Beginning with the first line below, output every record verbatim and leave out the images.
RECORDS FOR THIS EXERCISE Block Start
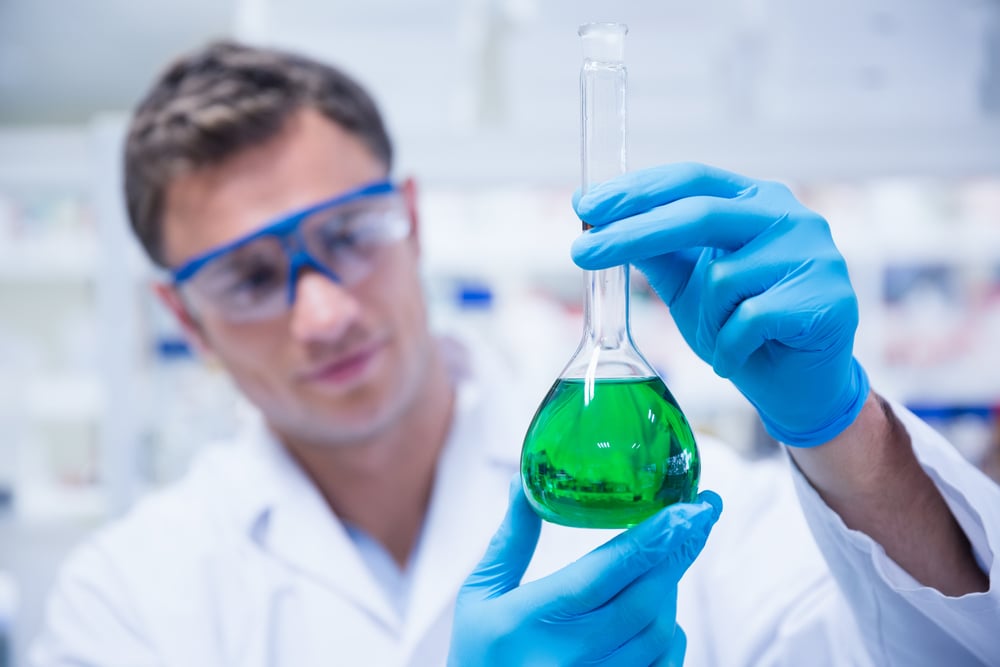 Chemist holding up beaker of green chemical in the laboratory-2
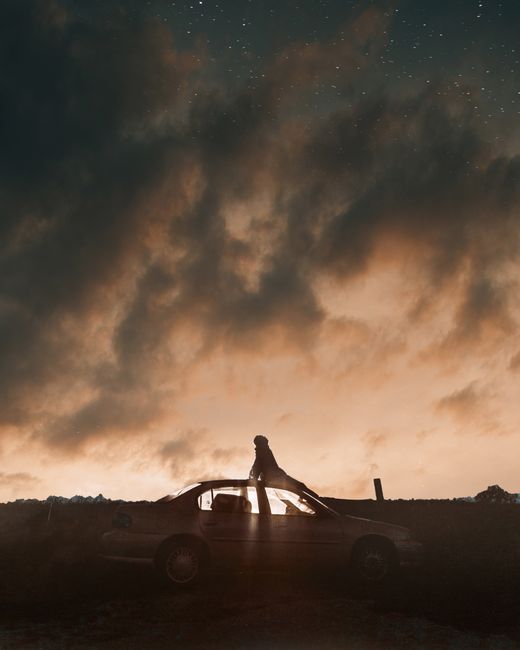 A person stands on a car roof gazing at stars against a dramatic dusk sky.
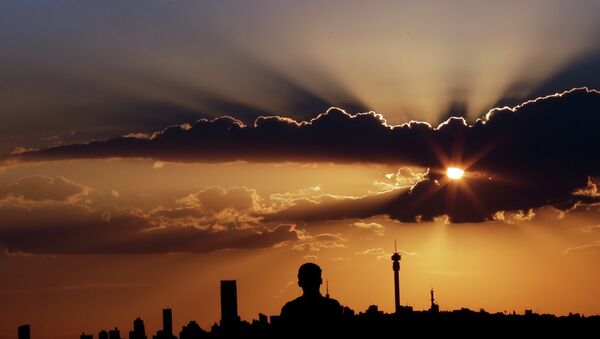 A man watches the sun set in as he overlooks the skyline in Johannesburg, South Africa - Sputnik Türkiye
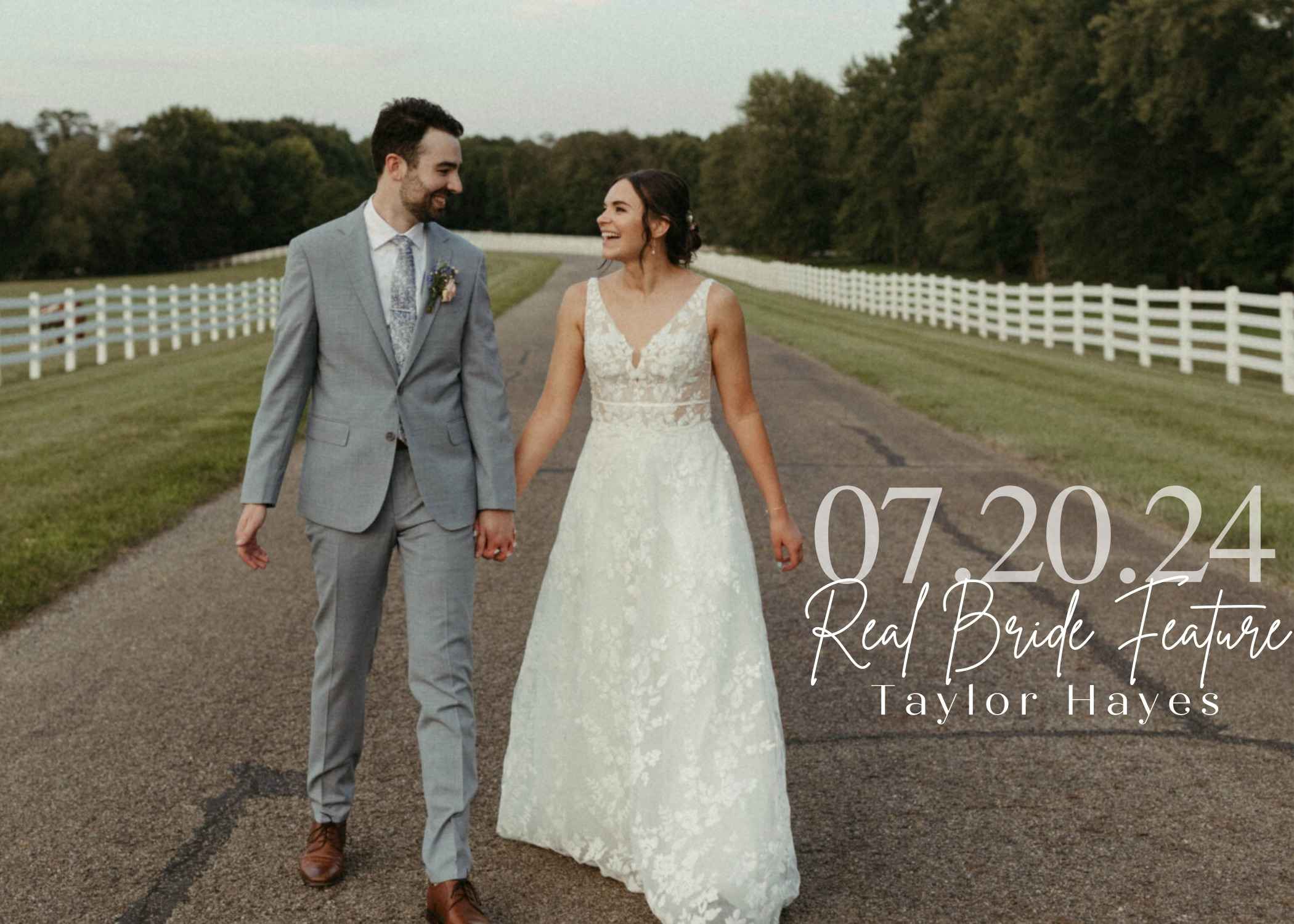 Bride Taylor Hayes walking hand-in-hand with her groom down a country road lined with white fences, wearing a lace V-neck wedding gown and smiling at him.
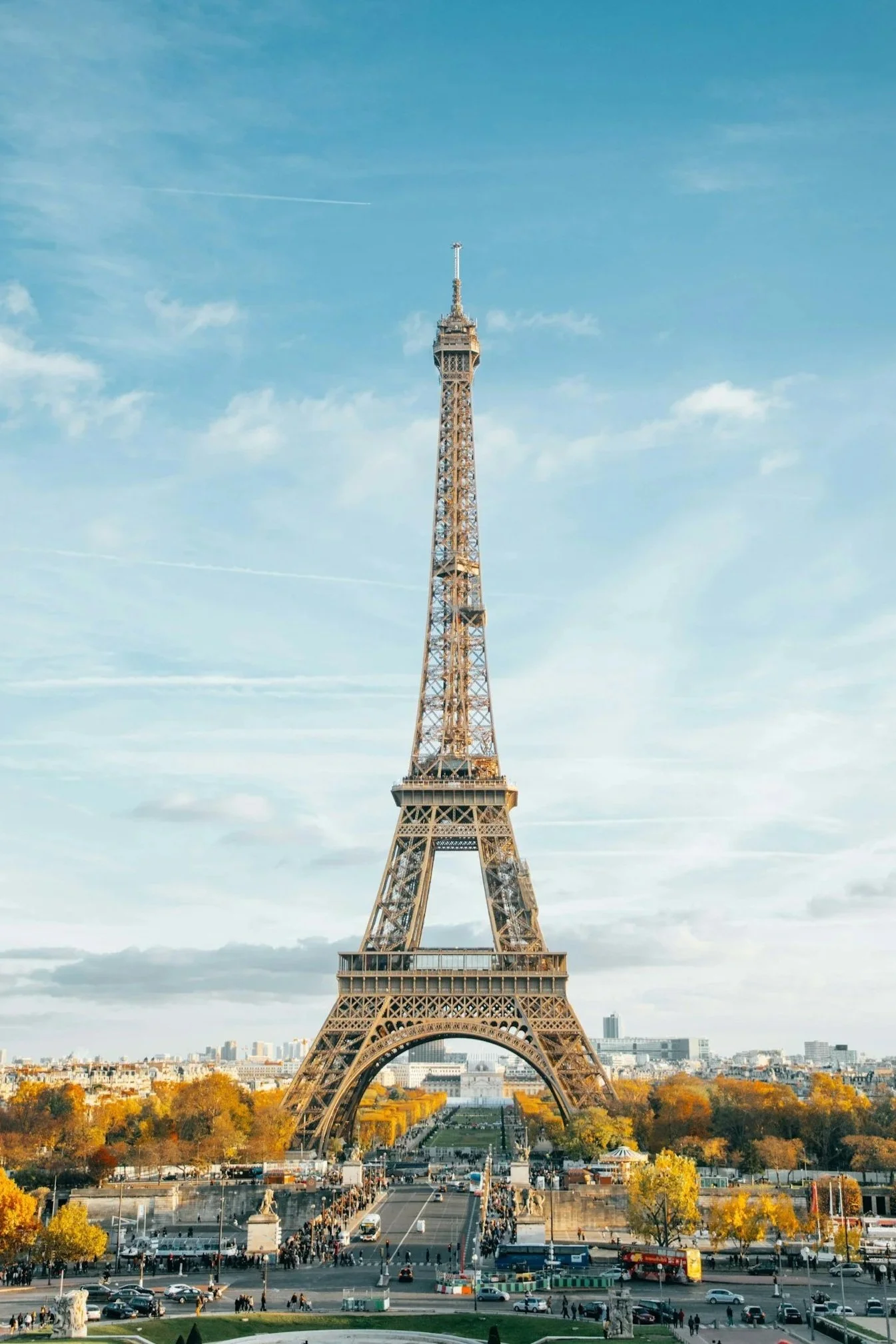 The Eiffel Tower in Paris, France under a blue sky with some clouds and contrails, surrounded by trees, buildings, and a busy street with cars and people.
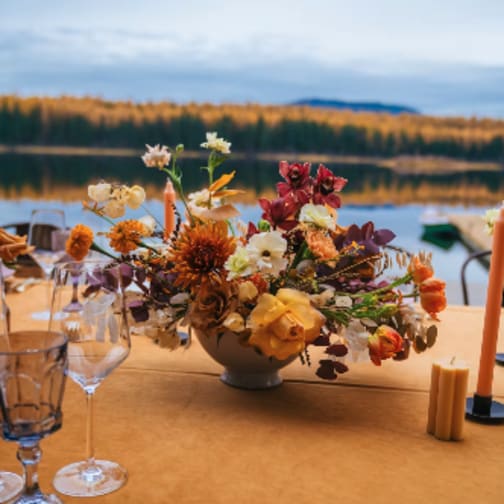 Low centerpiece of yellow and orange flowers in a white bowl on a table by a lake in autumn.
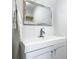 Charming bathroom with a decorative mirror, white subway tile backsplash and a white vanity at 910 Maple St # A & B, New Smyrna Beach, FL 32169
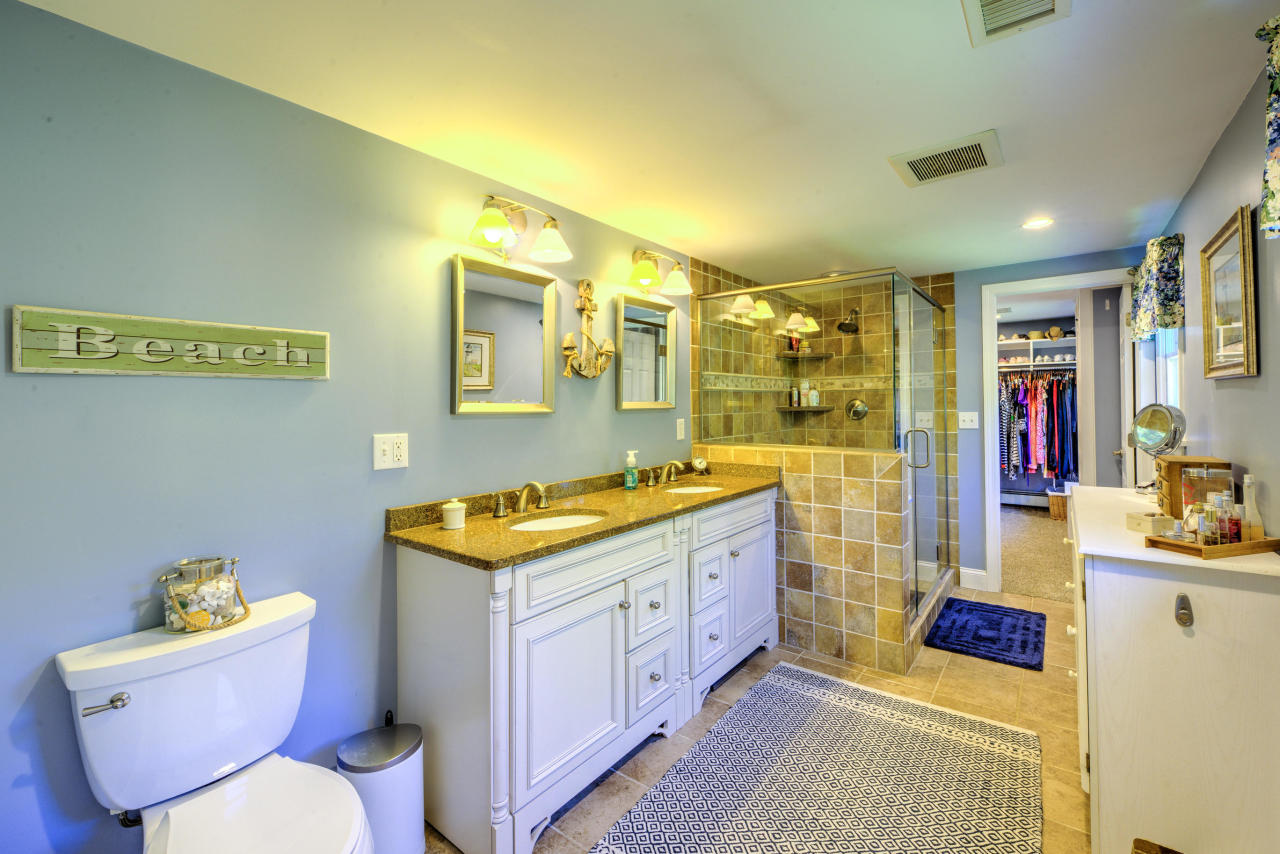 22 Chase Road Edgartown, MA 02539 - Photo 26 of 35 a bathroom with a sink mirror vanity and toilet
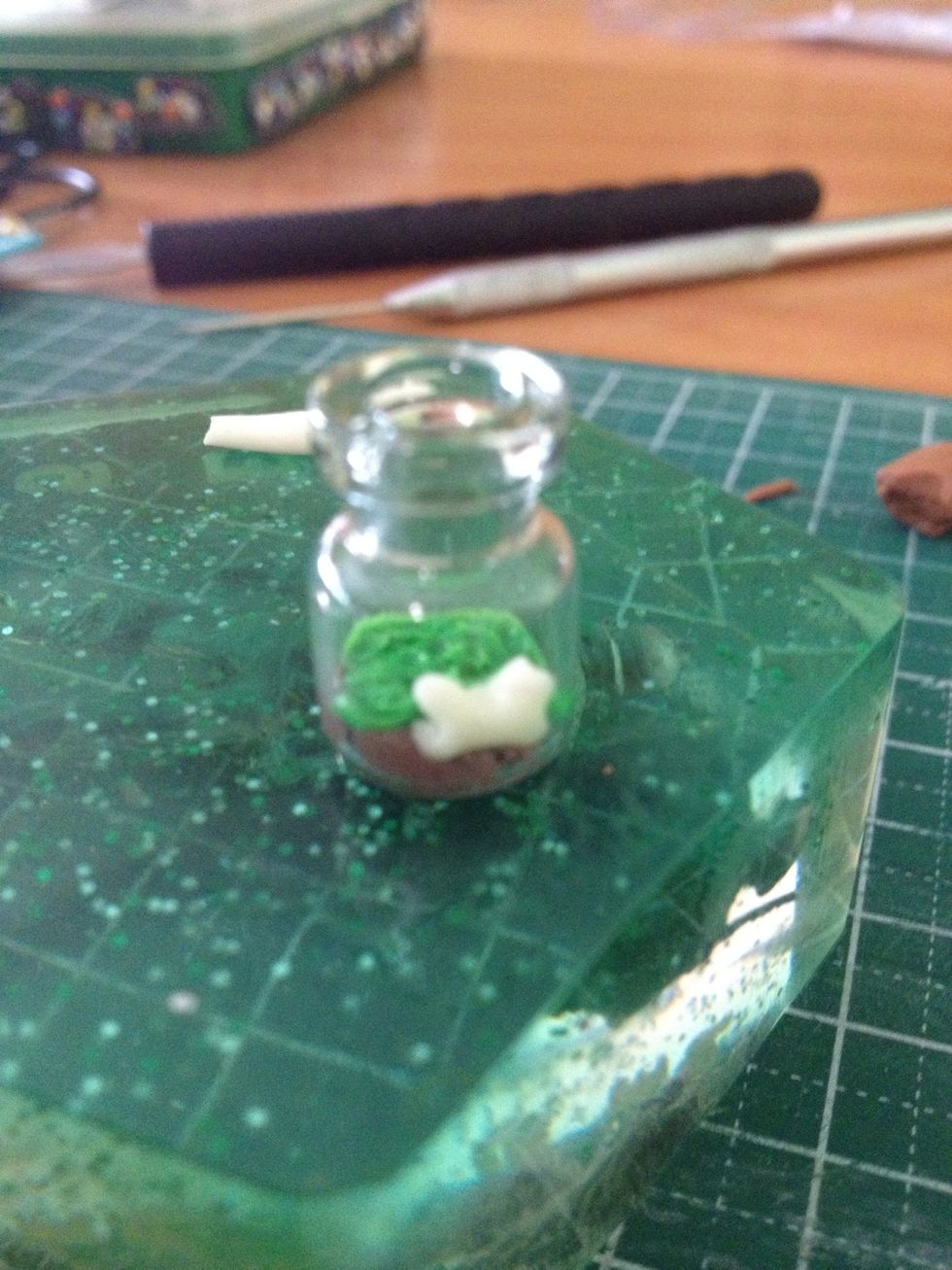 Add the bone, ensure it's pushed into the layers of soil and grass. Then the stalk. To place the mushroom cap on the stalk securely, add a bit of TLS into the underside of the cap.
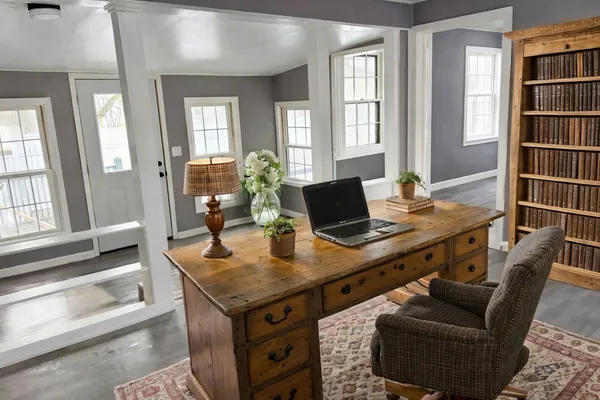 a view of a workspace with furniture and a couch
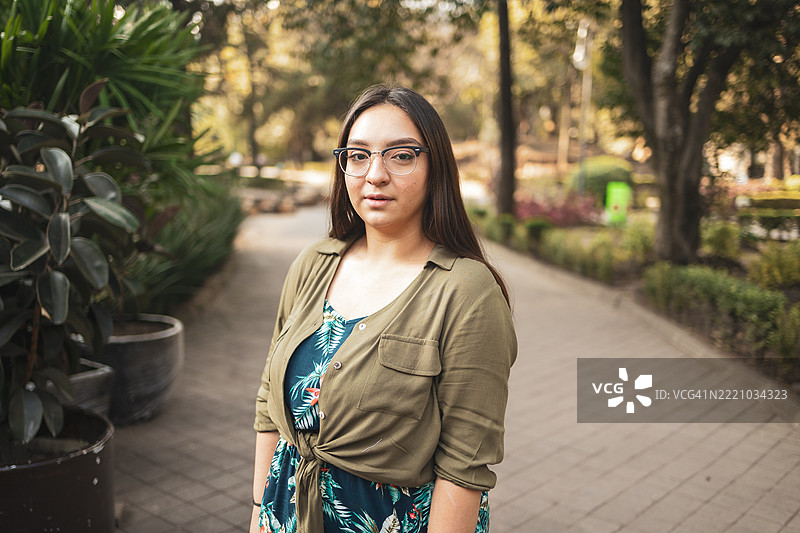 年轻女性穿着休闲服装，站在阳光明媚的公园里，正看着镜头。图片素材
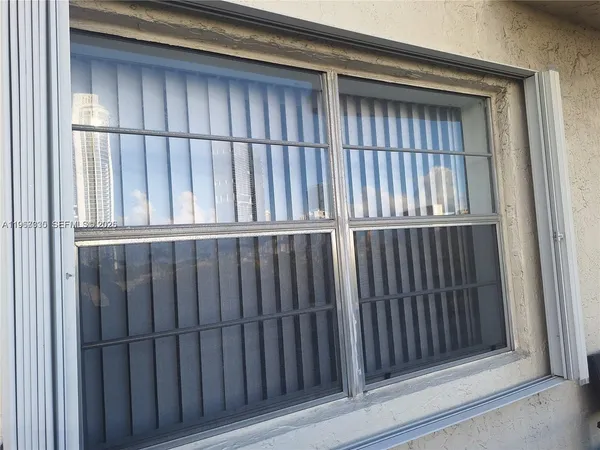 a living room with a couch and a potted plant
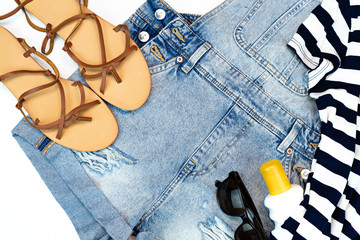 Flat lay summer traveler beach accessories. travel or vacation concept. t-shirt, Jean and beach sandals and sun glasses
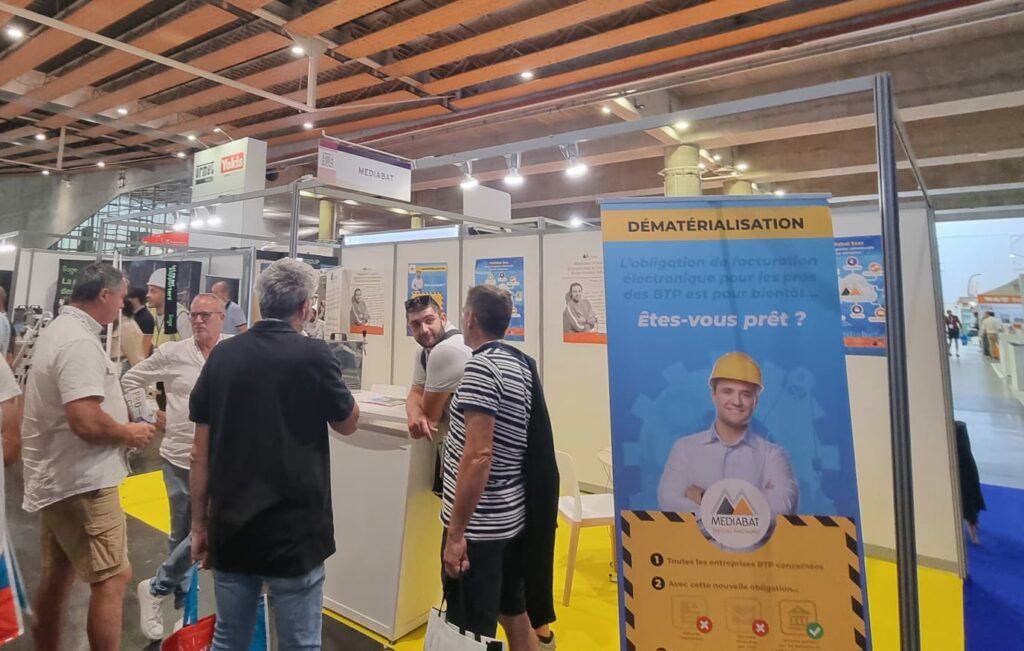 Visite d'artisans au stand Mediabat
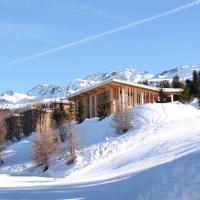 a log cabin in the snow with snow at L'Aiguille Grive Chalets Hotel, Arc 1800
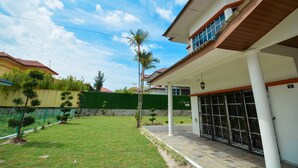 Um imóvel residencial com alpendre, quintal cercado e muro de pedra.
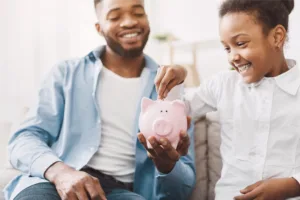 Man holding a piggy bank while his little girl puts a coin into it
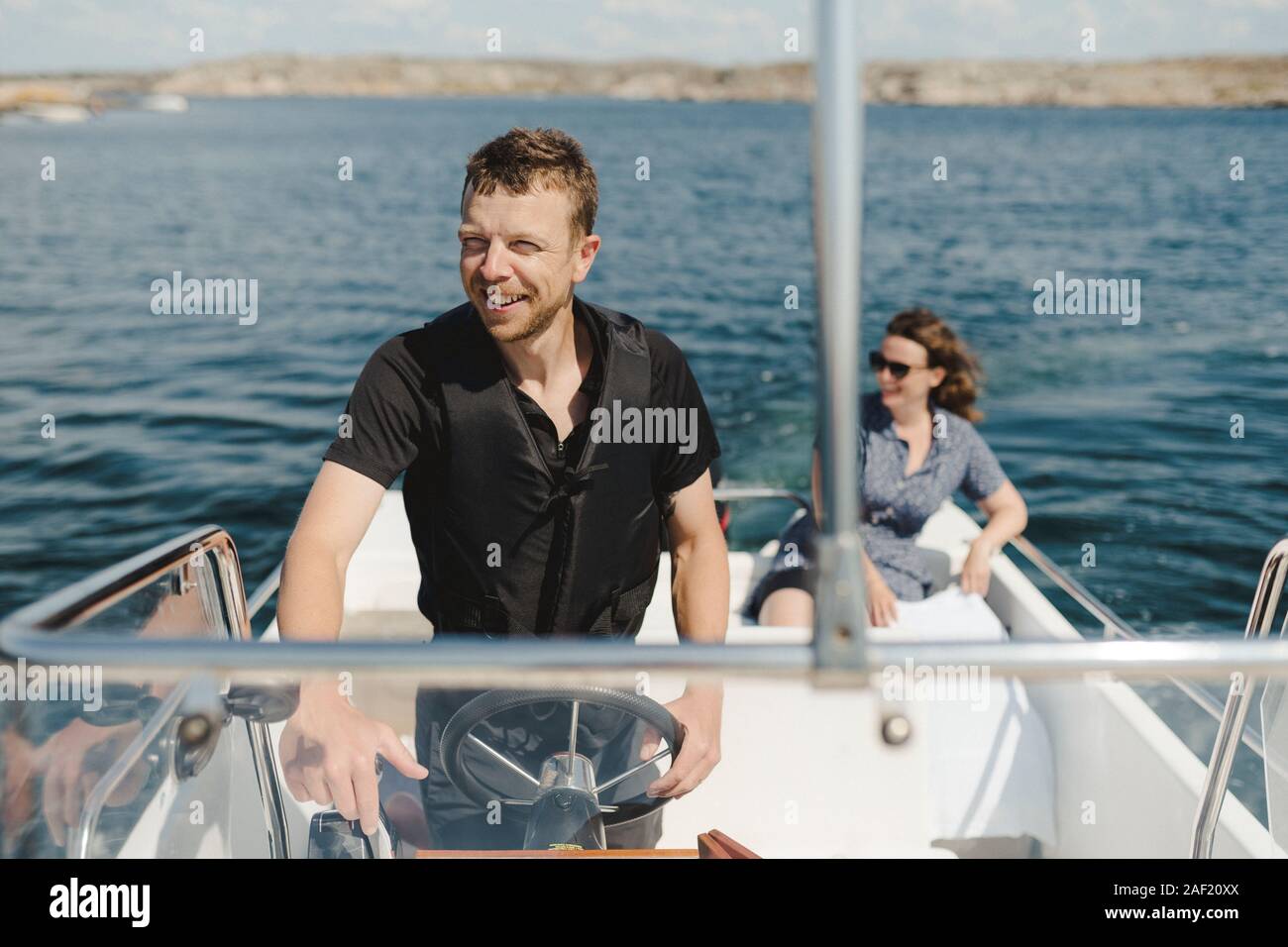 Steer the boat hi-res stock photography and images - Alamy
RECORDS FOR THIS EXERCISE Block End
— ANSWER SPACE —
 Chemist holding up beaker of green chemical in the laboratory-2
 A person stands on a car roof gazing at stars against a dramatic dusk sky.
 A man watches the sun set in as he overlooks the skyline in Johannesburg, South Africa - Sputnik Türkiye
 Bride Taylor Hayes walking hand-in-hand with her groom down a country road lined with white fences, wearing a lace V-neck wedding gown and smiling at him.
 The Eiffel Tower in Paris, France under a blue sky with some clouds and contrails, surrounded by trees, buildings, and a busy street with cars and people.
 Low centerpiece of yellow and orange flowers in a white bowl on a table by a lake in autumn.
 Charming bathroom with a decorative mirror, white subway tile backsplash and a white vanity at 910 Maple St # A & B, New Smyrna Beach, FL 32169
 22 Chase Road Edgartown, MA 02539 - Photo 26 of 35 a bathroom with a sink mirror vanity and toilet
 Add the bone, ensure it's pushed into the layers of soil and grass. Then the stalk. To place the mushroom cap on the stalk securely, add a bit of TLS into the underside of the cap.
 a view of a workspace with furniture and a couch
 年轻女性穿着休闲服装，站在阳光明媚的公园里，正看着镜头。图片素材
 a living room with a couch and a potted plant
 Flat lay summer traveler beach accessories. travel or vacation concept. t-shirt, Jean and beach sandals and sun glasses
 Visite d'artisans au stand Mediabat
 a log cabin in the snow with snow at L'Aiguille Grive Chalets Hotel, Arc 1800
 Um imóvel residencial com alpendre, quintal cercado e muro de pedra.
 Man holding a piggy bank while his little girl puts a coin into it
 Steer the boat hi-res stock photography and images - Alamy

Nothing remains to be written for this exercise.